Exercise goal: Look below for the line containing "东方嘉盛（002889）3月17日主力资金净卖出2574.86万元". Write out that line and the rest through the last one, exactly as they appear, but without pictures.

[Stored records]

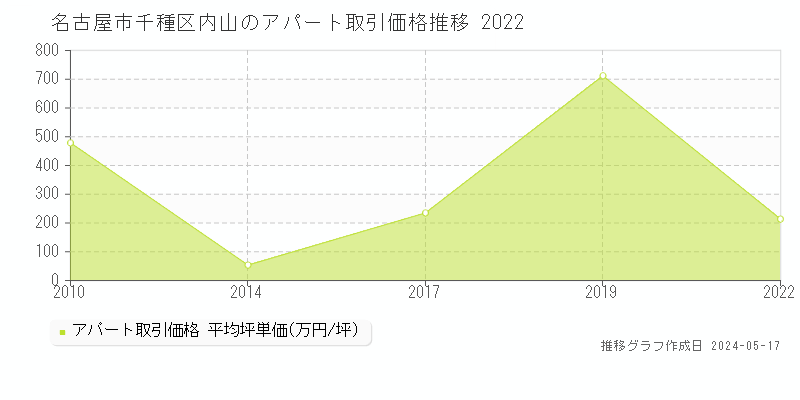 名古屋市千種区内山のアパート価格推移グラフ 
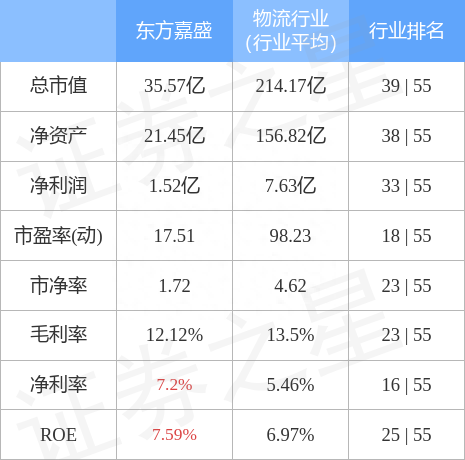 东方嘉盛（002889）3月17日主力资金净卖出2574.86万元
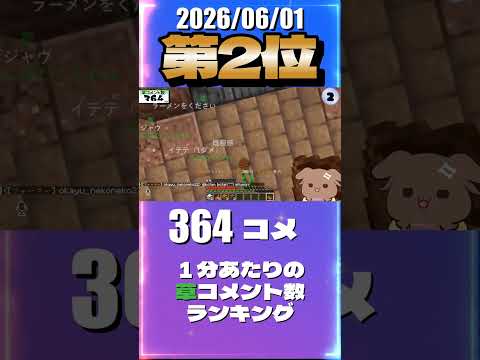 6/1 草コメント数ランキング第2位 #戌神ころね 0時間20分ごろ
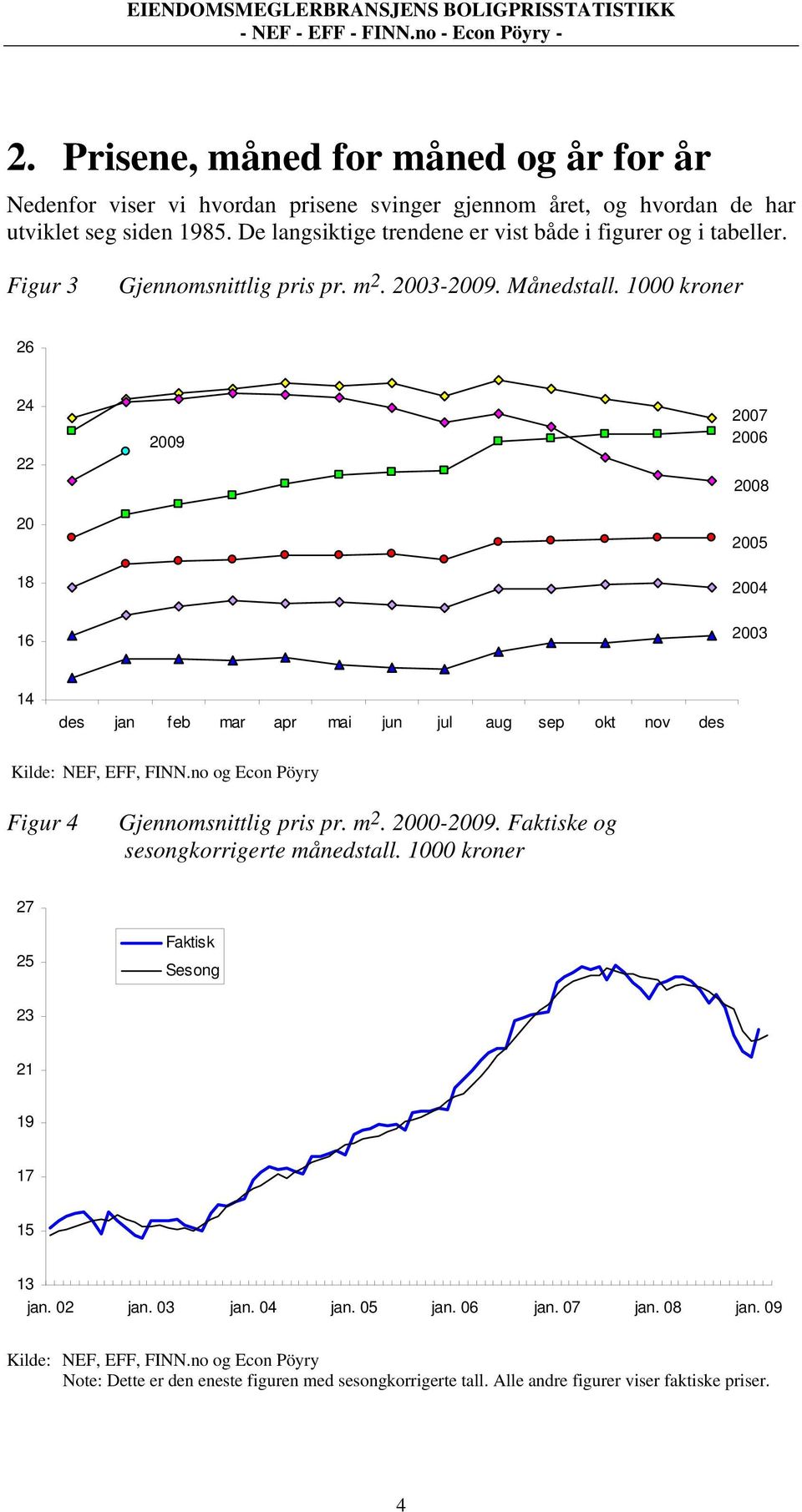 1000 kroner 26 24 22 20 18 2009 2007 2006 2008 2005 2004 16 2003 14 des jan feb mar apr mai jun jul aug sep okt nov des Figur 4 Gjennomsnittlig pris pr. m 2. 2000-2009.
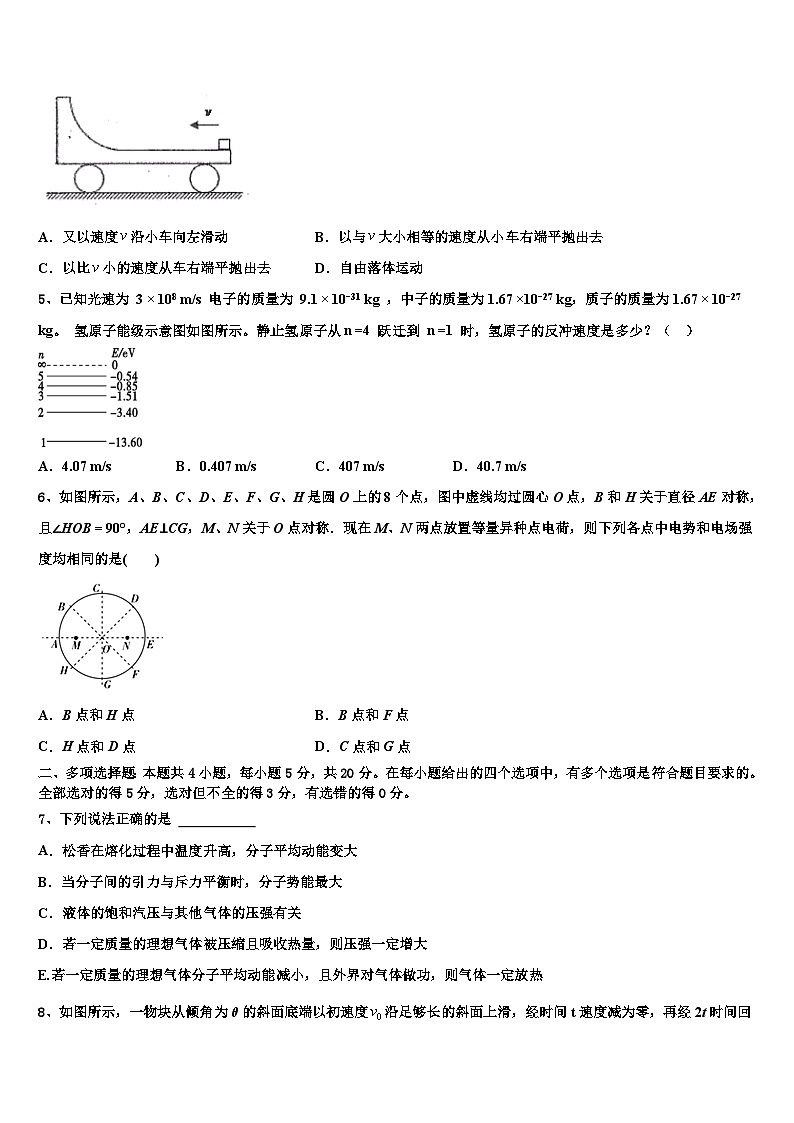 2026届山东省济南市济钢高级中学高考冲刺模拟物理试题含解析第2页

Finished task:
 东方嘉盛（002889）3月17日主力资金净卖出2574.86万元
 6/1 草コメント数ランキング第2位 #戌神ころね 0時間20分ごろ
 1000 kroner 26 24 22 20 18 2009 2007 2006 2008 2005 2004 16 2003 14 des jan feb mar apr mai jun jul aug sep okt nov des Figur 4 Gjennomsnittlig pris pr. m 2. 2000-2009.
 2026届山东省济南市济钢高级中学高考冲刺模拟物理试题含解析第2页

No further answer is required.